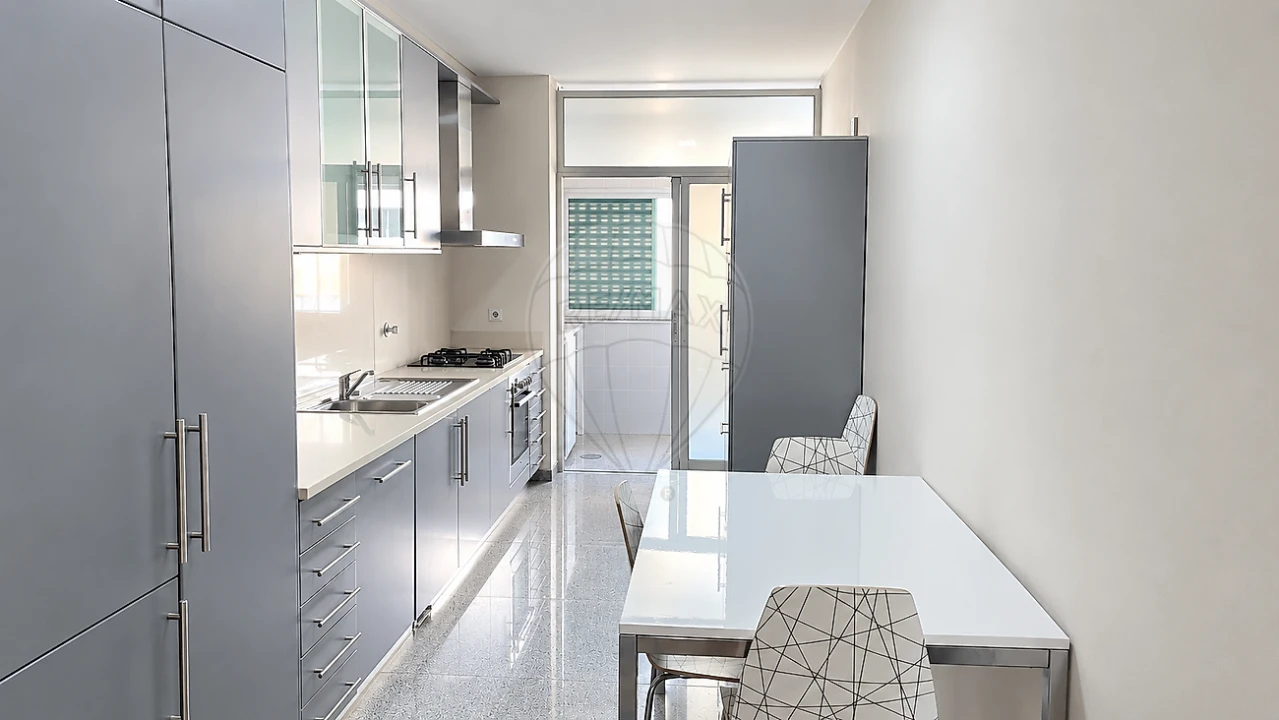 Apartamento T2 para Arrendamento em Pedrouços Foto 10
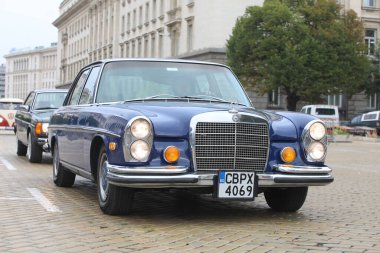 Sofya, Bulgaristan - 17 Eylül 2023: Bulgaristan 'ın başkenti Sofya' da sonbahar retro otomobil salonu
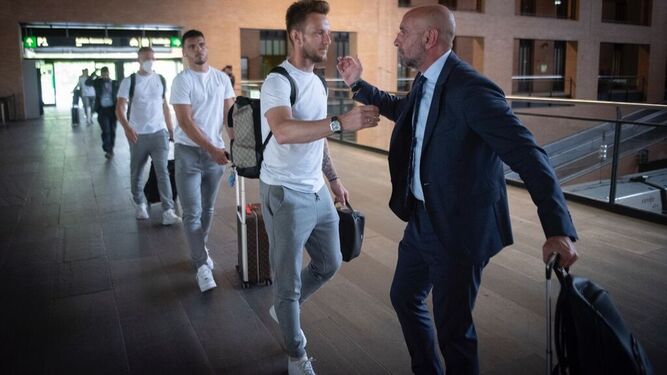 Monchi recibe a Rakitic en el AVE antes de partir a Madrid.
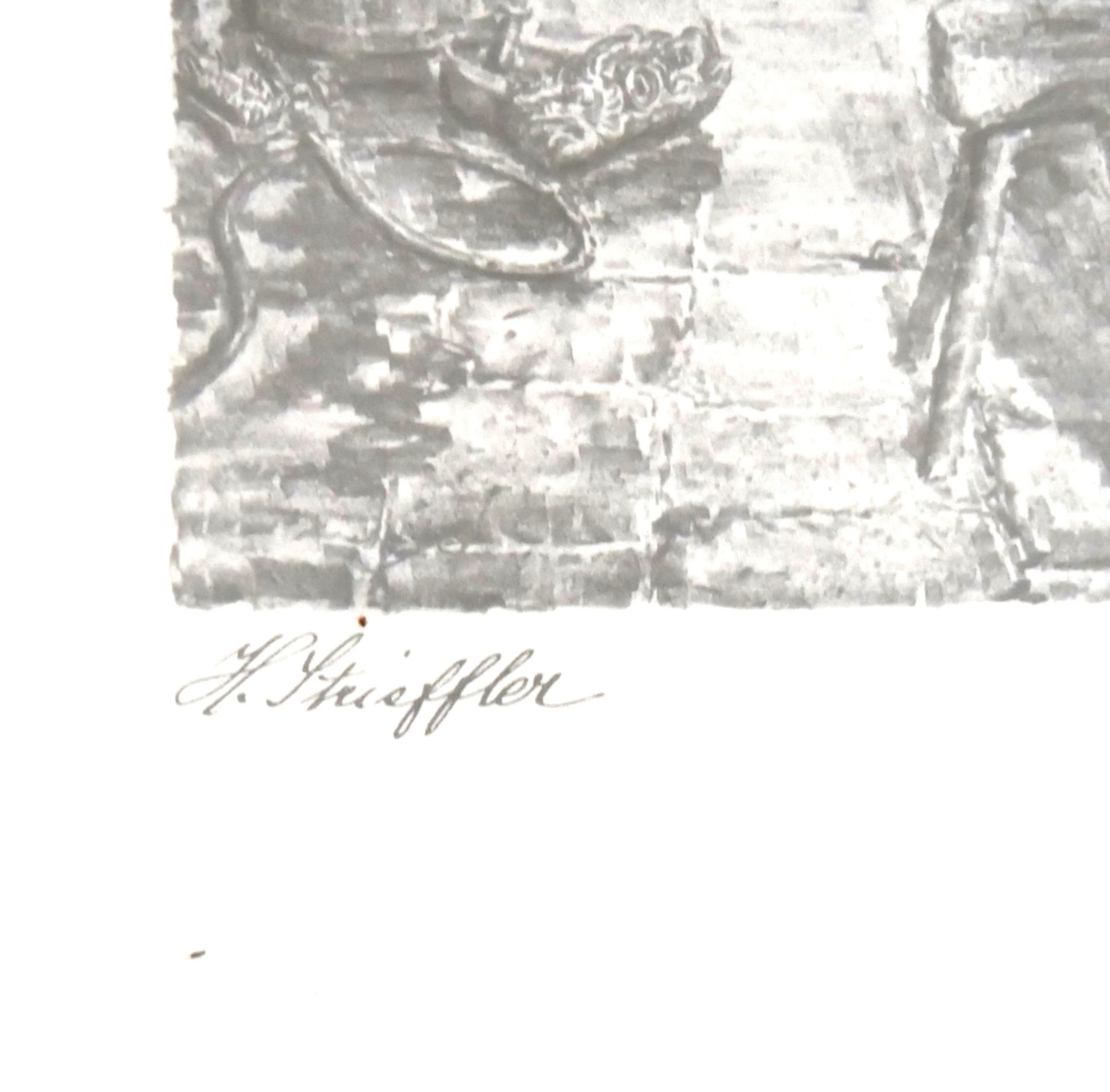 Heinrich STRIEFFLER (1872-1949) Lithographie "Weinkeller" links unten Signiert, hinter Glas gerahmt. - Image 2 of 2
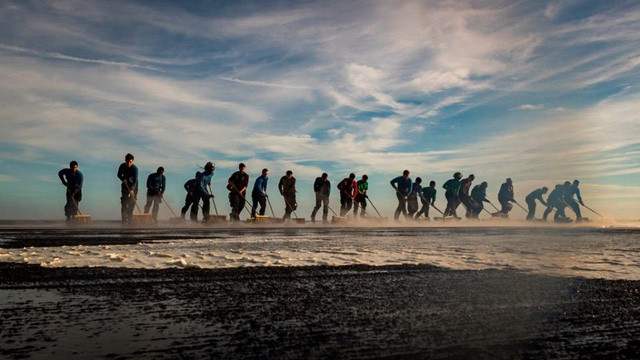 Các thủy thủ rửa mặt sàn tàu trên Biển Đông.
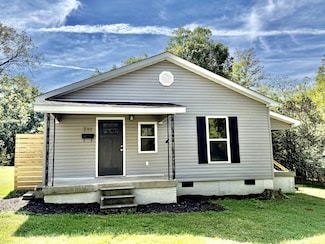 711 Gwen St, Paris, TN 38242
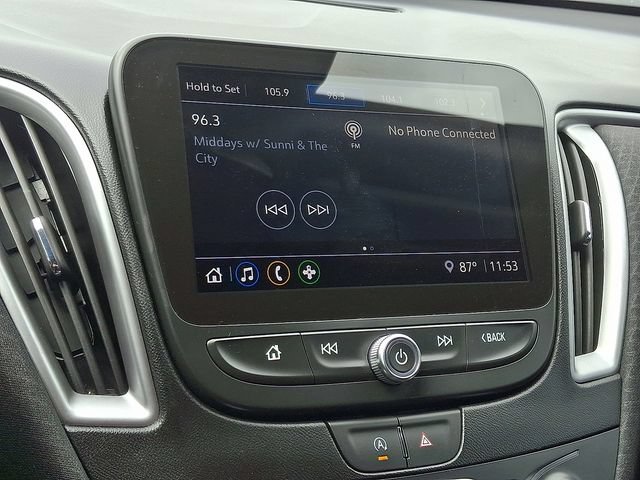 Used 2025 Chevrolet Malibu LS FWD image 16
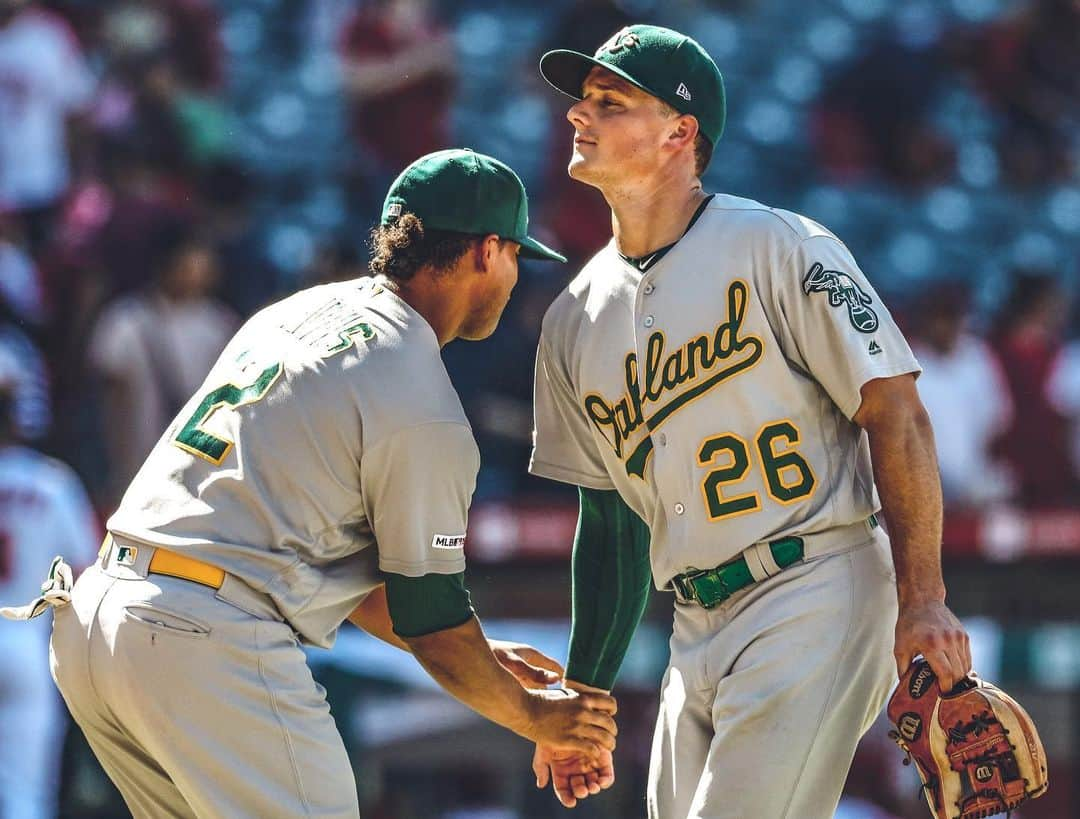 オークランド・アスレチックスさんのインスタグラム写真 - (オークランド・アスレチックスInstagram)「Bay > LA of Anaheim of Orange County. #RootedInOakland」7月1日 8時34分 - athletics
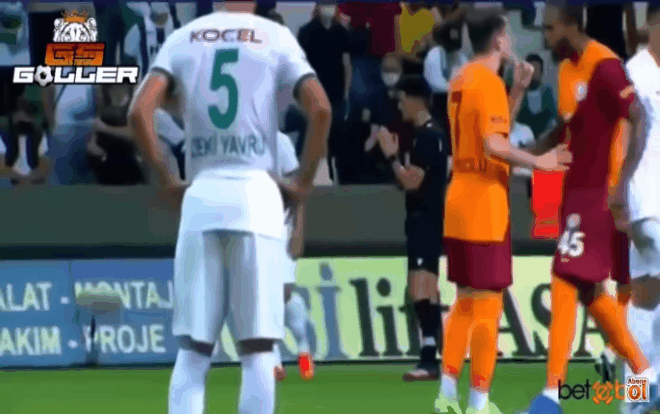 Cầu thủ húc đầu, đấm đồng đội túi bụi ngay trên sân Ảnh 2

-*-

● **Work to complete**
Reproduce nothing but the lines that run from the line containing "711 Gwen St, Paris, TN 38242" through the last line of the records, inclusive. Omit the pictures.

● **Your solution**
 711 Gwen St, Paris, TN 38242
 Used 2025 Chevrolet Malibu LS FWD image 16
 オークランド・アスレチックスさんのインスタグラム写真 - (オークランド・アスレチックスInstagram)「Bay > LA of Anaheim of Orange County. #RootedInOakland」7月1日 8時34分 - athletics
 Cầu thủ húc đầu, đấm đồng đội túi bụi ngay trên sân Ảnh 2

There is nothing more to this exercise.